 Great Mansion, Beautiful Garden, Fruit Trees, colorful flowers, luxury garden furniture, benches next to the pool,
==
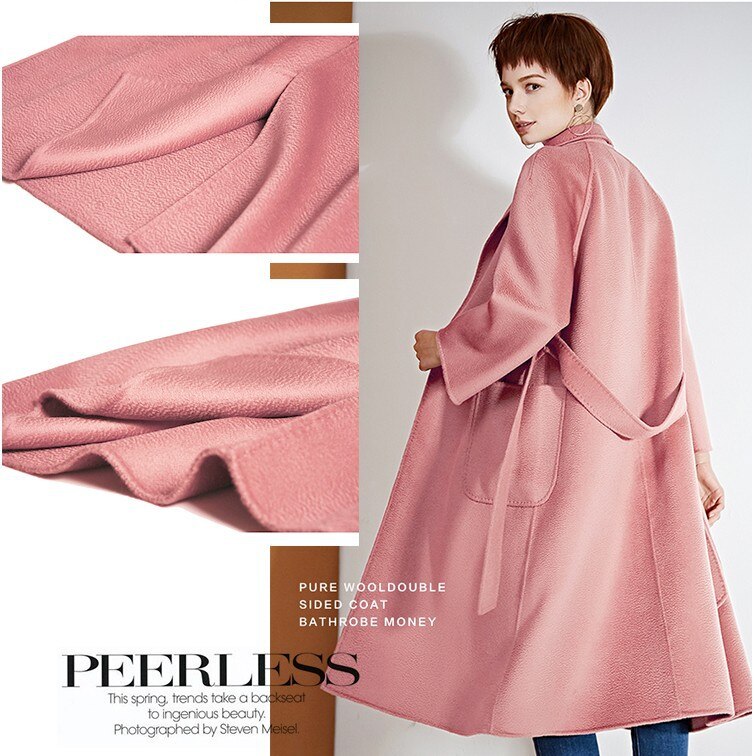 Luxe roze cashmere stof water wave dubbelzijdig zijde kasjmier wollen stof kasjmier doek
...
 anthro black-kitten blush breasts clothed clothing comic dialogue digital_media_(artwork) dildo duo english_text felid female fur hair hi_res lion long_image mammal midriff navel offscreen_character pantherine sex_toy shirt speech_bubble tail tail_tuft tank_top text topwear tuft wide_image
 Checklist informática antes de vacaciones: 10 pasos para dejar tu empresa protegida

Assignment: Of all the entries above, retype exactly the lines from the line with "anthro black-kitten blush" to the line with "Checklist informática antes", both included, and no others.

Answer space:
 anthro black-kitten blush breasts clothed clothing comic dialogue digital_media_(artwork) dildo duo english_text felid female fur hair hi_res lion long_image mammal midriff navel offscreen_character pantherine sex_toy shirt speech_bubble tail tail_tuft tank_top text topwear tuft wide_image
 Checklist informática antes de vacaciones: 10 pasos para dejar tu empresa protegida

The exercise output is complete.